→ **Task objective**
Nothing but the lines from the start of the entries through the line containing "Uzaydan Gelen Fırtına" should appear in the answer, each given exactly.

[Short descriptive text snippets]
▽
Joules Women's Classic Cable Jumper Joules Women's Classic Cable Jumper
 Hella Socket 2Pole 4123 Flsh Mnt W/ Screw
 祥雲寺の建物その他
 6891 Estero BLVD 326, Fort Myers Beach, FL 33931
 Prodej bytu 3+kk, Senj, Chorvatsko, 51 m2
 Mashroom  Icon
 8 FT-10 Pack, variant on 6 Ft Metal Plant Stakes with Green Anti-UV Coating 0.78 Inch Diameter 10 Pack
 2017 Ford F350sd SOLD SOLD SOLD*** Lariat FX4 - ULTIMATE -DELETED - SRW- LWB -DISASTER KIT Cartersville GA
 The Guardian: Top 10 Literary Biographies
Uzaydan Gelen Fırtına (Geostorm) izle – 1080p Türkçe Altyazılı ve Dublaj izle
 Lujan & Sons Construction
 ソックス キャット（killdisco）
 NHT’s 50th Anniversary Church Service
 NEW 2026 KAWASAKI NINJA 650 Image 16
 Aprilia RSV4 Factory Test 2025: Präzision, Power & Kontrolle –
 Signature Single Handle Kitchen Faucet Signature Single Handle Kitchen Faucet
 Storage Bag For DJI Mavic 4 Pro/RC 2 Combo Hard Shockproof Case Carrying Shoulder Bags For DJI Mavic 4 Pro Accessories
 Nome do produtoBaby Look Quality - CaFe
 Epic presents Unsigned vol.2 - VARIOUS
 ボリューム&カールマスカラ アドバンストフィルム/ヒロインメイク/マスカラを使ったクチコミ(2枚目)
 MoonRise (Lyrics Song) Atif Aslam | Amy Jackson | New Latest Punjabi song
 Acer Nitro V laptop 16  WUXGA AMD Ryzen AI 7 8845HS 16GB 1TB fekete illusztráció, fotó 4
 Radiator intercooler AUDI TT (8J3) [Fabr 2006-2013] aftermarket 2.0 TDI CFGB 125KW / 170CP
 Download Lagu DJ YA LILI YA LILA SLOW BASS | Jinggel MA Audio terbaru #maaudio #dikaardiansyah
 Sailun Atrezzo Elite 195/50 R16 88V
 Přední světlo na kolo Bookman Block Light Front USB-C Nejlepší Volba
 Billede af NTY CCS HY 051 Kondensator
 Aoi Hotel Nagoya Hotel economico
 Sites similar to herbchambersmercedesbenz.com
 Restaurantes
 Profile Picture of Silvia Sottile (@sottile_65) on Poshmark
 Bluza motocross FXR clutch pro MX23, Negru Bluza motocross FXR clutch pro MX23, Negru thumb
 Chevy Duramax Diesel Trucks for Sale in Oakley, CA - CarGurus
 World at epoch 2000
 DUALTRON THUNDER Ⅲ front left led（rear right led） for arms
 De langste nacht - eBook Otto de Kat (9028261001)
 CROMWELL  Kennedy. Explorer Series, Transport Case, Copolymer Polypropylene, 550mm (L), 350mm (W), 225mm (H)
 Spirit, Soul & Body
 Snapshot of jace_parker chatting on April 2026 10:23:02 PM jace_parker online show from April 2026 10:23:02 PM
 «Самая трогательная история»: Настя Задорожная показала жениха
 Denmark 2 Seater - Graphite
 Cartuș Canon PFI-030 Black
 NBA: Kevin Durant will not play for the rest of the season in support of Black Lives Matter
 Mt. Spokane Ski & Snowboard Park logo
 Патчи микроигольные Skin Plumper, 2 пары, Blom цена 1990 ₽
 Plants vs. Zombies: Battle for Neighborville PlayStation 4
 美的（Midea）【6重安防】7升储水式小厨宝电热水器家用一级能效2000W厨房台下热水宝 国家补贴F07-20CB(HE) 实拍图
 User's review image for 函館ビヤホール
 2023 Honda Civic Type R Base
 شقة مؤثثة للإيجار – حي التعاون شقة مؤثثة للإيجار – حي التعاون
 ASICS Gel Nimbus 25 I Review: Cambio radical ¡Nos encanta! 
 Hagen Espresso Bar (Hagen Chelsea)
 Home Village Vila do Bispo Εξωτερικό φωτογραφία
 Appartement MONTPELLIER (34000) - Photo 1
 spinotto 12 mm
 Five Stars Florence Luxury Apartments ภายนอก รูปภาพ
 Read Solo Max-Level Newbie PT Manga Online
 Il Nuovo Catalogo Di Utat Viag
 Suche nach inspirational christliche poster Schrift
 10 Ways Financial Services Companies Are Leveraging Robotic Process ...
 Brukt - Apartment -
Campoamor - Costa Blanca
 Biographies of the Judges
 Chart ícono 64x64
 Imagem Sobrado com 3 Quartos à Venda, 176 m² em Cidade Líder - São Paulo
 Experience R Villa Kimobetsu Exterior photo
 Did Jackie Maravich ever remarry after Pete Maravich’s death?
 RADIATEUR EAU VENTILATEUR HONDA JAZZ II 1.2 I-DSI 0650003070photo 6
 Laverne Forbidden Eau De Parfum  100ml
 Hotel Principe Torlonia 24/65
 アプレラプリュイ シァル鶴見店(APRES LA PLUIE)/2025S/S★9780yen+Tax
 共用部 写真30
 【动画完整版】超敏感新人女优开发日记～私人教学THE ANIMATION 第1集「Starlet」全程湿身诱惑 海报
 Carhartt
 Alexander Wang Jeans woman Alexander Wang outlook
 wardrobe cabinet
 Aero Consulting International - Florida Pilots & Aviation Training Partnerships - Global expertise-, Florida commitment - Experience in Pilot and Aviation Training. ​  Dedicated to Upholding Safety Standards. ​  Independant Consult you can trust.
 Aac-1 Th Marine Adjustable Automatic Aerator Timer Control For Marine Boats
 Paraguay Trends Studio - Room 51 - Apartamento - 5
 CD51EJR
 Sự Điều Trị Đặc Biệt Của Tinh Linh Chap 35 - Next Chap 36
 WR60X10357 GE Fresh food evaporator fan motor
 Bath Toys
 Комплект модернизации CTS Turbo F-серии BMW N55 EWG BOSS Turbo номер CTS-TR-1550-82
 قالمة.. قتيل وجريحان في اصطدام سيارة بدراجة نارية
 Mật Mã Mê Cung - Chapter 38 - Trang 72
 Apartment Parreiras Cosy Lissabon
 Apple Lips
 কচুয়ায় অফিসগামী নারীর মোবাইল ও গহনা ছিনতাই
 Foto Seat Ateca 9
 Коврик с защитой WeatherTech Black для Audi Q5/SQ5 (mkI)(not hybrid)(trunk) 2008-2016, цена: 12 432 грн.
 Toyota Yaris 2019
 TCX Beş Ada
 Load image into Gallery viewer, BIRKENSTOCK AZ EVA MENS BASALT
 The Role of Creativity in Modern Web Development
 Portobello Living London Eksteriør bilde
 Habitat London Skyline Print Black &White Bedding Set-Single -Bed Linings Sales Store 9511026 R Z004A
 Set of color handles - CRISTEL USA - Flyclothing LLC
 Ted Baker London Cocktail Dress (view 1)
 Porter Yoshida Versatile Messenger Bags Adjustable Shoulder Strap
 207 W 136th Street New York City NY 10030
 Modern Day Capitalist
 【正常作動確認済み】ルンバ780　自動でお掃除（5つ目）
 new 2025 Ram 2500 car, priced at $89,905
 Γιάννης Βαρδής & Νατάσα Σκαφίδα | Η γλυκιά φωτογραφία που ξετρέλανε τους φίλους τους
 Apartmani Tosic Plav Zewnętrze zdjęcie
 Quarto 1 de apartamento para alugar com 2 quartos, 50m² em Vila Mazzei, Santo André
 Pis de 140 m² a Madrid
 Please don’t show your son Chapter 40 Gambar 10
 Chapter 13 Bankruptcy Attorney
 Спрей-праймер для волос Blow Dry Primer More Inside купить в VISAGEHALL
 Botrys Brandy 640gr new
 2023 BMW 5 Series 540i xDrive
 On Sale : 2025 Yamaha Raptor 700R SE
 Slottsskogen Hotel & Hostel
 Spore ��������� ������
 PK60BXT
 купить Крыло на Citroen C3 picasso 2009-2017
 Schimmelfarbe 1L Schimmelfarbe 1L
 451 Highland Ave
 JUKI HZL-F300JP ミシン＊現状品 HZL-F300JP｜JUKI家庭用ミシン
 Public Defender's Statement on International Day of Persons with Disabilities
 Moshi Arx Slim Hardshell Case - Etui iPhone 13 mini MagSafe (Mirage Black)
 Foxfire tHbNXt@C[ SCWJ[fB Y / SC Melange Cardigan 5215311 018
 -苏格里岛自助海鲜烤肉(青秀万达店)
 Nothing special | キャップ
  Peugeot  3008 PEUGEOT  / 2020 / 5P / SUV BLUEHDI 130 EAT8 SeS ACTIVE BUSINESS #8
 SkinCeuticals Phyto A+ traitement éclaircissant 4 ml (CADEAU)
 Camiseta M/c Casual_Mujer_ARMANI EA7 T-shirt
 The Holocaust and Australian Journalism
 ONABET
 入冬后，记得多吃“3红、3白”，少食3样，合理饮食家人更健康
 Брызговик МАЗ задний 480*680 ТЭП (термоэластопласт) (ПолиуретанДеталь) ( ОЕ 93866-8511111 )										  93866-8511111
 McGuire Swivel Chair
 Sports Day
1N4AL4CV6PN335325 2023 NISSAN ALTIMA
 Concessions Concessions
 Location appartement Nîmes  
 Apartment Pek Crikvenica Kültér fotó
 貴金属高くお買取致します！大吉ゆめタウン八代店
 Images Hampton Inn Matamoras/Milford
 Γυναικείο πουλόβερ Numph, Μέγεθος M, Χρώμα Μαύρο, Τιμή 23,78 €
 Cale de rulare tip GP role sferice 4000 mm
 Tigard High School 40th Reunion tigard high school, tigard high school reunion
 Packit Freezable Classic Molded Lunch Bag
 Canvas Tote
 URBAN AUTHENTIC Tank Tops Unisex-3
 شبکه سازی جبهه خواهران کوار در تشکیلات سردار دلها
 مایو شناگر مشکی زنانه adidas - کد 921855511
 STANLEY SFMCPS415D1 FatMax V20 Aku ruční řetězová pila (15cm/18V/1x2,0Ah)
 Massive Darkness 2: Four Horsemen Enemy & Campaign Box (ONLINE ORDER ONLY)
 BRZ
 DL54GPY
△
→ **Result for this exercise**
Joules Women's Classic Cable Jumper Joules Women's Classic Cable Jumper
 Hella Socket 2Pole 4123 Flsh Mnt W/ Screw
 祥雲寺の建物その他
 6891 Estero BLVD 326, Fort Myers Beach, FL 33931
 Prodej bytu 3+kk, Senj, Chorvatsko, 51 m2
 Mashroom  Icon
 8 FT-10 Pack, variant on 6 Ft Metal Plant Stakes with Green Anti-UV Coating 0.78 Inch Diameter 10 Pack
 2017 Ford F350sd SOLD SOLD SOLD*** Lariat FX4 - ULTIMATE -DELETED - SRW- LWB -DISASTER KIT Cartersville GA
 The Guardian: Top 10 Literary Biographies
Uzaydan Gelen Fırtına (Geostorm) izle – 1080p Türkçe Altyazılı ve Dublaj izle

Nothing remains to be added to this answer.